Its the end of January, so I suppose I should be saying things about the resolutions I made to myself for this year. I think it is good mental and emotional hygine to lay out my plans and put meaingful words to them which helps me to internalize it. This writeup was inspired by Tilde's relationship manifesta
At the end of 2014, I had a mixed holiday. Some plans didn't work out as expected though others had nothing to compare against and were entirely new experiences. The plans that worked out gave me a lot to think about as far as how I wanted to be a more of a person who takes responsibility for her own happiness. For 2015 I had resolved to be more up front about my wants, needs, and to explicitly state them when I could.

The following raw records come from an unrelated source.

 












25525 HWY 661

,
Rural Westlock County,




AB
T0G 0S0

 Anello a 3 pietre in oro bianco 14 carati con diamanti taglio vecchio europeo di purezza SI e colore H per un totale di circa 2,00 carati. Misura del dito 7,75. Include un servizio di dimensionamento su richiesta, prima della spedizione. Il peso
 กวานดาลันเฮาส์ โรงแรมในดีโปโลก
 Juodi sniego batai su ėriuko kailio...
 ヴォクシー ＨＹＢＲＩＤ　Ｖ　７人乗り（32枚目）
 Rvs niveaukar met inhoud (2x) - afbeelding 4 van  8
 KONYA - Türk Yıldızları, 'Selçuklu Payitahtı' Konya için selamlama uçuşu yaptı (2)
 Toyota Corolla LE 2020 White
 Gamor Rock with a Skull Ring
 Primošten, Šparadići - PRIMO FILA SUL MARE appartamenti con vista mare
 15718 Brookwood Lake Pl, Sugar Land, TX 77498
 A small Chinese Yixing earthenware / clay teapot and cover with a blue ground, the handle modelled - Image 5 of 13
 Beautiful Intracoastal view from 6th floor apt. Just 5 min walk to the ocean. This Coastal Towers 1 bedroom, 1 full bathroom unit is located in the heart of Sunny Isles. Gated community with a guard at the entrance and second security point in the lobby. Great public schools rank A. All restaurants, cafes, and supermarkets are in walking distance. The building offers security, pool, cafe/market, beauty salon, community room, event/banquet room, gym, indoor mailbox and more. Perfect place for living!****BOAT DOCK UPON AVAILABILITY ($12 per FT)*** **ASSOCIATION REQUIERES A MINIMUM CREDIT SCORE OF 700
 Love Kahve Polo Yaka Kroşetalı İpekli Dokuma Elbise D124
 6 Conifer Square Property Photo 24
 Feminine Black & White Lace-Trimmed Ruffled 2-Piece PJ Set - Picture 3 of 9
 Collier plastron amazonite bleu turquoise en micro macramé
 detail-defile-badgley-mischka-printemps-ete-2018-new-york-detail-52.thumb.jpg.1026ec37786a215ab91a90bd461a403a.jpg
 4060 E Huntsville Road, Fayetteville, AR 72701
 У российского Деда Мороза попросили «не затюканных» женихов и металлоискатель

I think it worked out for me. I did just that. As the year started to move along, I changed the way I relate to other people in very positive ways. If I wanted to spend time with someone, I would ask and make plans. If something was on my mind, I would push myself to talk it out with someone. If someone in my life said something that wasn't completely clear to me, I'd talk it over and push myself to resolve any lingering doubts about what was meant.
In the end, I learned that everyone else seems to have this same problem that I have: feelings are really hard to understand and it can be a lot of work to talk about them. It is hard for me to come forward with another person and be direct about my wants and needs, and I'm continuously working on improving myself to make that better. In 2015, I feel that I did get better at it. There were some tensions in life that immediately got resolved by pushing myself to talk it out with the other person.
It doesn't come as easily as I want it to though, and thats what I want to fix in 2016. I'm working towards a better understanding of how I approach relationships this year. More exploration as to what does and doesn't work out for me. Maybe I too can write a relationship manifesta.